[Extracted records]
_____

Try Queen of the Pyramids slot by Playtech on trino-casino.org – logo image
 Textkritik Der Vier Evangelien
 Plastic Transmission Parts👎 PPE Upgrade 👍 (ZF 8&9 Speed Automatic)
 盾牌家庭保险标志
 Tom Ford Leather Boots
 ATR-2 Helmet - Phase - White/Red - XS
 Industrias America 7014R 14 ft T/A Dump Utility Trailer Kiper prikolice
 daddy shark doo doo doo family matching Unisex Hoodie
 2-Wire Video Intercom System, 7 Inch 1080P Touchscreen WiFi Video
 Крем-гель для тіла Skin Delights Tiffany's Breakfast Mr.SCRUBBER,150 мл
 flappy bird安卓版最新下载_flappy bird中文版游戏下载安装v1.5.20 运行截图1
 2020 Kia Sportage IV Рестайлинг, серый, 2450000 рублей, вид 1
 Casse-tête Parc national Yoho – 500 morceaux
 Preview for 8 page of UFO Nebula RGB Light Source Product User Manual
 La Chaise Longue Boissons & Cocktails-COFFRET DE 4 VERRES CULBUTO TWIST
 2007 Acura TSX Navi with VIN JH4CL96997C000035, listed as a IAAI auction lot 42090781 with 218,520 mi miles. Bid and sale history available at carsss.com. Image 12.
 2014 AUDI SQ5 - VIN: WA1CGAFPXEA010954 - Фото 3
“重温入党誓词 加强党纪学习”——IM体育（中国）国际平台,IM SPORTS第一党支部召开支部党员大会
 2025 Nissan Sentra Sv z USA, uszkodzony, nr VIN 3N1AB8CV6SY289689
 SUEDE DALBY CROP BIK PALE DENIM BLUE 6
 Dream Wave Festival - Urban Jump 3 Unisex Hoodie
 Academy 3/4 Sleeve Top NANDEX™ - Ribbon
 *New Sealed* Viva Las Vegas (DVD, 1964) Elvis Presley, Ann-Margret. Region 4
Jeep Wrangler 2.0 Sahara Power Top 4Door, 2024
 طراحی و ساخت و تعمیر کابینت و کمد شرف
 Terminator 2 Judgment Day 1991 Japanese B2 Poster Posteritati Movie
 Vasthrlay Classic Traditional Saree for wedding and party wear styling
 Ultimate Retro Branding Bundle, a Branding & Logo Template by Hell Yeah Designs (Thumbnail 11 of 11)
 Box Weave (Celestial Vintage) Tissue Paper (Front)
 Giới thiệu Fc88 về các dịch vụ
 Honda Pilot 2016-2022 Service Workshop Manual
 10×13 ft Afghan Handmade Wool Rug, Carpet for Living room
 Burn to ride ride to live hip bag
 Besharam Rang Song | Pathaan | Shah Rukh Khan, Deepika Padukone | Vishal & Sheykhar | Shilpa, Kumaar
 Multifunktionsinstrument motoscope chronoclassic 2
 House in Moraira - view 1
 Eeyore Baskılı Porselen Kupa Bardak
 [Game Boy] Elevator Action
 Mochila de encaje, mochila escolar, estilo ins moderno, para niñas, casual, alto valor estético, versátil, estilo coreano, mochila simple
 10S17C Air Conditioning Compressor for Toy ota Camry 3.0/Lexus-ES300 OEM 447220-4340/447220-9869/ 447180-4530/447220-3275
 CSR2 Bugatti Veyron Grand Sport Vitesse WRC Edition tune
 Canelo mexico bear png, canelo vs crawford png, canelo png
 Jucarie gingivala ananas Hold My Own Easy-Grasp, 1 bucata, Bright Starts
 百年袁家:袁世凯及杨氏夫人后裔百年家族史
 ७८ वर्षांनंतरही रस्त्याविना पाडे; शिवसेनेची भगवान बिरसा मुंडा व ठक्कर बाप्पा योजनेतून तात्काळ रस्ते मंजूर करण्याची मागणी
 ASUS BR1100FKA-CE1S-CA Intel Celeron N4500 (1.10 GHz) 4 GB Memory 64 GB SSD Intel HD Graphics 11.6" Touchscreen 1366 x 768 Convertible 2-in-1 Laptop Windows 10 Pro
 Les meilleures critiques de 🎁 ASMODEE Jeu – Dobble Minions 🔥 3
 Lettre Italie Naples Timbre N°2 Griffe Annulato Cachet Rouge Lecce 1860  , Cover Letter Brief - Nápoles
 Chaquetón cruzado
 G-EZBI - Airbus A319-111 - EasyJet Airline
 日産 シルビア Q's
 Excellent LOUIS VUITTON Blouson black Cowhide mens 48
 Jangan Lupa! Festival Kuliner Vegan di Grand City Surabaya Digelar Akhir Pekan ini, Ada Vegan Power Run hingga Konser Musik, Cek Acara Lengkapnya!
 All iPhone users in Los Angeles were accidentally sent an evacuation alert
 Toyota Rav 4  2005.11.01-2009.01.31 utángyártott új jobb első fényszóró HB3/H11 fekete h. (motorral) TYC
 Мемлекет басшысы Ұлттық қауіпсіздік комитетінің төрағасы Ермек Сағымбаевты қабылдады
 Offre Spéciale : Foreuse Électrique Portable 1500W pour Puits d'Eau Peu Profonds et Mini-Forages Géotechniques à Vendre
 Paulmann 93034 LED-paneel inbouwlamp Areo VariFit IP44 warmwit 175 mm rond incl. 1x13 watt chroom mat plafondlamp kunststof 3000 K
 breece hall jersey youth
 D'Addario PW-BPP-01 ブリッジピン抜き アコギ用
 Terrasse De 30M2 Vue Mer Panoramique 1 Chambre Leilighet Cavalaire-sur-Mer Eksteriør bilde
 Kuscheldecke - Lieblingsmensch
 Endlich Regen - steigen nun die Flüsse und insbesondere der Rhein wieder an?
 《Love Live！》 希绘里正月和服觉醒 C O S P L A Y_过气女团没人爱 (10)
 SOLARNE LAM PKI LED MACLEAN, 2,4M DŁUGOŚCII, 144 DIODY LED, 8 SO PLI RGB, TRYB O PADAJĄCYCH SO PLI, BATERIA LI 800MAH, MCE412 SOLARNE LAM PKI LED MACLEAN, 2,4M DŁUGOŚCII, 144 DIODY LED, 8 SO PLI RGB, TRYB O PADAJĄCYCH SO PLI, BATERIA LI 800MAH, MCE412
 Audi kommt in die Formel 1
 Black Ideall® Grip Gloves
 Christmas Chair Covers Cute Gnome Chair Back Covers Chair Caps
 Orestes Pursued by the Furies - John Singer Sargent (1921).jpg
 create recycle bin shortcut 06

_____

[Your instructions] Retype each entry without altering a single word.

[Answer space]
Try Queen of the Pyramids slot by Playtech on trino-casino.org – logo image
 Textkritik Der Vier Evangelien
 Plastic Transmission Parts👎 PPE Upgrade 👍 (ZF 8&9 Speed Automatic)
 盾牌家庭保险标志
 Tom Ford Leather Boots
 ATR-2 Helmet - Phase - White/Red - XS
 Industrias America 7014R 14 ft T/A Dump Utility Trailer Kiper prikolice
 daddy shark doo doo doo family matching Unisex Hoodie
 2-Wire Video Intercom System, 7 Inch 1080P Touchscreen WiFi Video
 Крем-гель для тіла Skin Delights Tiffany's Breakfast Mr.SCRUBBER,150 мл
 flappy bird安卓版最新下载_flappy bird中文版游戏下载安装v1.5.20 运行截图1
 2020 Kia Sportage IV Рестайлинг, серый, 2450000 рублей, вид 1
 Casse-tête Parc national Yoho – 500 morceaux
 Preview for 8 page of UFO Nebula RGB Light Source Product User Manual
 La Chaise Longue Boissons & Cocktails-COFFRET DE 4 VERRES CULBUTO TWIST
 2007 Acura TSX Navi with VIN JH4CL96997C000035, listed as a IAAI auction lot 42090781 with 218,520 mi miles. Bid and sale history available at carsss.com. Image 12.
 2014 AUDI SQ5 - VIN: WA1CGAFPXEA010954 - Фото 3
“重温入党誓词 加强党纪学习”——IM体育（中国）国际平台,IM SPORTS第一党支部召开支部党员大会
 2025 Nissan Sentra Sv z USA, uszkodzony, nr VIN 3N1AB8CV6SY289689
 SUEDE DALBY CROP BIK PALE DENIM BLUE 6
 Dream Wave Festival - Urban Jump 3 Unisex Hoodie
 Academy 3/4 Sleeve Top NANDEX™ - Ribbon
 *New Sealed* Viva Las Vegas (DVD, 1964) Elvis Presley, Ann-Margret. Region 4
Jeep Wrangler 2.0 Sahara Power Top 4Door, 2024
 طراحی و ساخت و تعمیر کابینت و کمد شرف
 Terminator 2 Judgment Day 1991 Japanese B2 Poster Posteritati Movie
 Vasthrlay Classic Traditional Saree for wedding and party wear styling
 Ultimate Retro Branding Bundle, a Branding & Logo Template by Hell Yeah Designs (Thumbnail 11 of 11)
 Box Weave (Celestial Vintage) Tissue Paper (Front)
 Giới thiệu Fc88 về các dịch vụ
 Honda Pilot 2016-2022 Service Workshop Manual
 10×13 ft Afghan Handmade Wool Rug, Carpet for Living room
 Burn to ride ride to live hip bag
 Besharam Rang Song | Pathaan | Shah Rukh Khan, Deepika Padukone | Vishal & Sheykhar | Shilpa, Kumaar
 Multifunktionsinstrument motoscope chronoclassic 2
 House in Moraira - view 1
 Eeyore Baskılı Porselen Kupa Bardak
 [Game Boy] Elevator Action
 Mochila de encaje, mochila escolar, estilo ins moderno, para niñas, casual, alto valor estético, versátil, estilo coreano, mochila simple
 10S17C Air Conditioning Compressor for Toy ota Camry 3.0/Lexus-ES300 OEM 447220-4340/447220-9869/ 447180-4530/447220-3275
 CSR2 Bugatti Veyron Grand Sport Vitesse WRC Edition tune
 Canelo mexico bear png, canelo vs crawford png, canelo png
 Jucarie gingivala ananas Hold My Own Easy-Grasp, 1 bucata, Bright Starts
 百年袁家:袁世凯及杨氏夫人后裔百年家族史
 ७८ वर्षांनंतरही रस्त्याविना पाडे; शिवसेनेची भगवान बिरसा मुंडा व ठक्कर बाप्पा योजनेतून तात्काळ रस्ते मंजूर करण्याची मागणी
 ASUS BR1100FKA-CE1S-CA Intel Celeron N4500 (1.10 GHz) 4 GB Memory 64 GB SSD Intel HD Graphics 11.6" Touchscreen 1366 x 768 Convertible 2-in-1 Laptop Windows 10 Pro
 Les meilleures critiques de 🎁 ASMODEE Jeu – Dobble Minions 🔥 3
 Lettre Italie Naples Timbre N°2 Griffe Annulato Cachet Rouge Lecce 1860  , Cover Letter Brief - Nápoles
 Chaquetón cruzado
 G-EZBI - Airbus A319-111 - EasyJet Airline
 日産 シルビア Q's
 Excellent LOUIS VUITTON Blouson black Cowhide mens 48
 Jangan Lupa! Festival Kuliner Vegan di Grand City Surabaya Digelar Akhir Pekan ini, Ada Vegan Power Run hingga Konser Musik, Cek Acara Lengkapnya!
 All iPhone users in Los Angeles were accidentally sent an evacuation alert
 Toyota Rav 4  2005.11.01-2009.01.31 utángyártott új jobb első fényszóró HB3/H11 fekete h. (motorral) TYC
 Мемлекет басшысы Ұлттық қауіпсіздік комитетінің төрағасы Ермек Сағымбаевты қабылдады
 Offre Spéciale : Foreuse Électrique Portable 1500W pour Puits d'Eau Peu Profonds et Mini-Forages Géotechniques à Vendre
 Paulmann 93034 LED-paneel inbouwlamp Areo VariFit IP44 warmwit 175 mm rond incl. 1x13 watt chroom mat plafondlamp kunststof 3000 K
 breece hall jersey youth
 D'Addario PW-BPP-01 ブリッジピン抜き アコギ用
 Terrasse De 30M2 Vue Mer Panoramique 1 Chambre Leilighet Cavalaire-sur-Mer Eksteriør bilde
 Kuscheldecke - Lieblingsmensch
 Endlich Regen - steigen nun die Flüsse und insbesondere der Rhein wieder an?
 《Love Live！》 希绘里正月和服觉醒 C O S P L A Y_过气女团没人爱 (10)
 SOLARNE LAM PKI LED MACLEAN, 2,4M DŁUGOŚCII, 144 DIODY LED, 8 SO PLI RGB, TRYB O PADAJĄCYCH SO PLI, BATERIA LI 800MAH, MCE412 SOLARNE LAM PKI LED MACLEAN, 2,4M DŁUGOŚCII, 144 DIODY LED, 8 SO PLI RGB, TRYB O PADAJĄCYCH SO PLI, BATERIA LI 800MAH, MCE412
 Audi kommt in die Formel 1
 Black Ideall® Grip Gloves
 Christmas Chair Covers Cute Gnome Chair Back Covers Chair Caps
 Orestes Pursued by the Furies - John Singer Sargent (1921).jpg
 create recycle bin shortcut 06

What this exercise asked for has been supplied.